One example people usually give of a negative trait that increases fitness is altruism. Another is spite, where an individual gets harmed in order to harm a competitor more. It may be surprising, but nature does not select for traits in isolation, only for individuals, who have hundreds of thousands of alleles and perhaps millions of traits.

Culture increases that number, and cultural memes can affect survival as surely as genes. We don't have to be slaves to our genes, and cultural memes evolve just as surely as genes do.

The cartoon version of Darwinism that the Social Darwinists believed—that increased genetic fitness meant improved physical and mental strength—and the 20th century ideologies (Progressivism and Nazism) that tried to implement that cartoon have hampered discussion of important issues.

Evolution is occurring now, as we speak, and whether we acknowledge it or not, evolution will affect the way we respond to disease and interact with each other.

The theory of evolution, now properly called population genetics, has cross-fertilized with information theory in interesting ways. In part 2 we'll discuss what's known as the energy landscape of evolution and some of the current controversies surrounding it.

George Price

Steven Frank's mini-biography of George Price[2] shows that Price was a restless character. Dissatisfied with his work on population genetics, he left his position at University College London hoping to switch to economics. After making brief but fundamental contributions to game theory, he worked for a time as a night office cleaner and became highly religious, giving all his clothes, money, and possessions to homeless alcoholics. In his last year he became engaged in biblical scholarship and tried to untangle apparent contradictions in the New Testament. He died at age 52 in abject poverty as a squatter in London.

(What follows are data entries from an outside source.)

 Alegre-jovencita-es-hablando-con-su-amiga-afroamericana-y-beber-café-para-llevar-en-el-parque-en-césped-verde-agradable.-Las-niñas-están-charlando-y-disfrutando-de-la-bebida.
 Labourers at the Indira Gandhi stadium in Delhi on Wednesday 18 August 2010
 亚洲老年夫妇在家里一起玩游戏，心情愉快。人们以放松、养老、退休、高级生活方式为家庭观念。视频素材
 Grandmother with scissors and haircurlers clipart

1. Laayouni H, Oosting M, Luisi P, Ioana M, Alonso S, Ricaño-Ponce I, Trynka G, Zhernakova A, Plantinga TS, Cheng SC, van der Meer JW, Popp R, Sood A, Thelma BK, Wijmenga C, Joosten LA, Bertranpetit J, Netea MG. (2014). Convergent evolution in European and Rroma populations reveals pressure exerted by plague on Toll-like receptors. Proc Natl Acad Sci U S A. 2014 Feb 18;111(7):2668–73. doi: 10.1073/pnas.1317723111.

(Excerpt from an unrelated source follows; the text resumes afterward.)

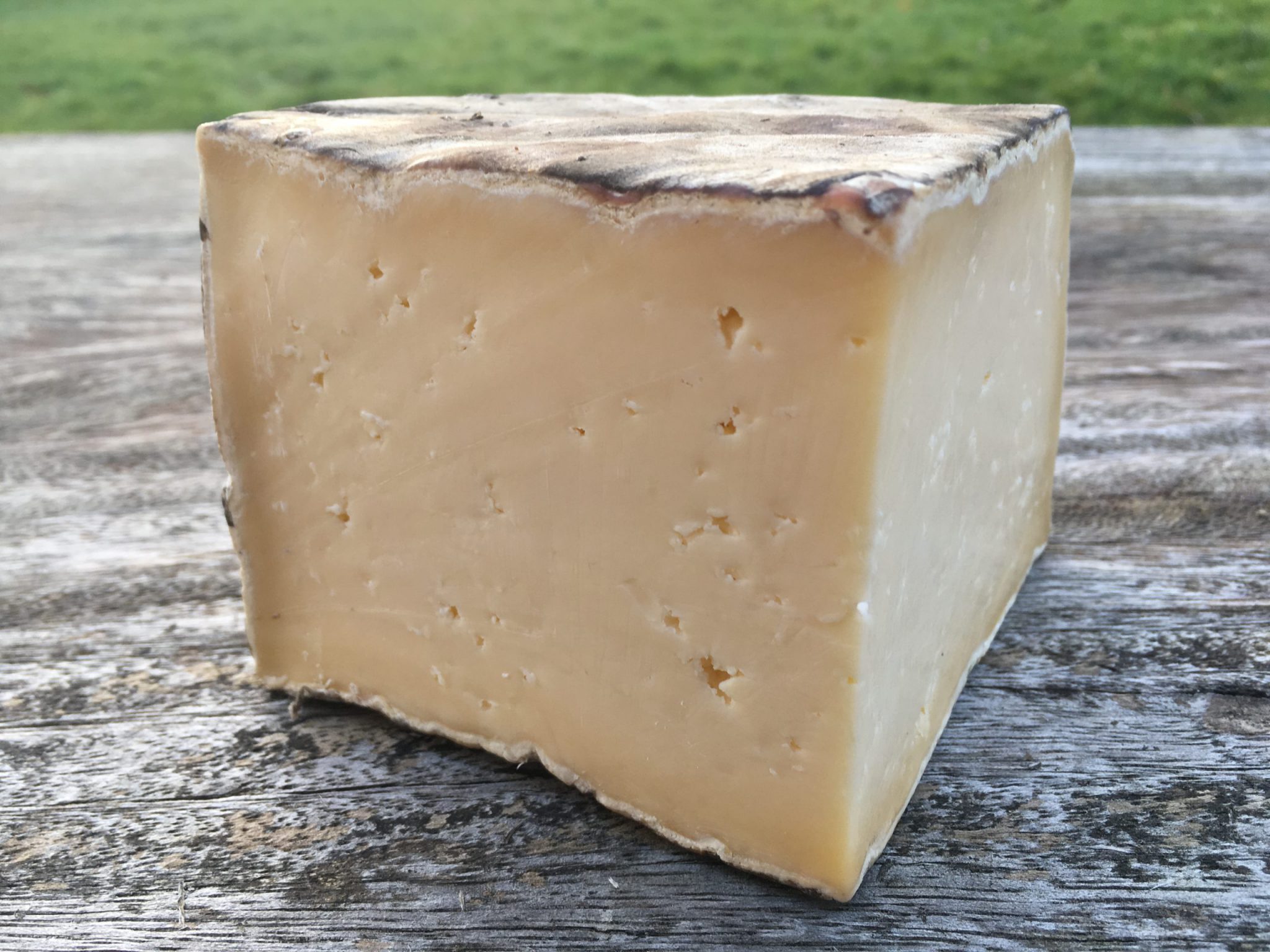 A large slice of Single Gloucester cheese revealing its ivory interior placed on a wooden surface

2. Frank SA (1995). George Price's contributions to evolutionary genetics. J Theor Biol 175, 373–388.

3. Birch J (2016). Natural selection and the maximization of fitness. Biol. Rev. 91, 712–727.

4. Wade MJ, Beeman RW (1994). The population dynamics of maternal-effect selfish genes. Genetics 138, 1309–1314.

5. Ewens WJ (2014). Grafen, the Price equations, fitness maximization, optimisation and the fundamental theorem of natural selection. Biol. Philos. 29, 197–205.

6. Grafen A (2014). The formal darwinism project in outline. Biol. Philos. 29, 155–174.

7. Ewens WJ (2010). Mathematical Population Genetics I. Theoretical Introduction, 2e, p. 17.

8. Gillespie JH (2004). Population Genetics: A Concise Guide 2e.

* Many terms in population genetics are used in different ways depending on context in a way that can cause confusion. In this case w is individual fitness: w = ∑iwi / N.[5] Elsewhere w is the classical mean fitness of an allele weighted for frequency: w = w11x2 + 2w12x(1−x) + w22(1−x)2 (where x is frequency), or w = ∑gwgqg, where q is the parental generation frequency of the genotype g[5,7] . There are still more definitions in Gillespie[8].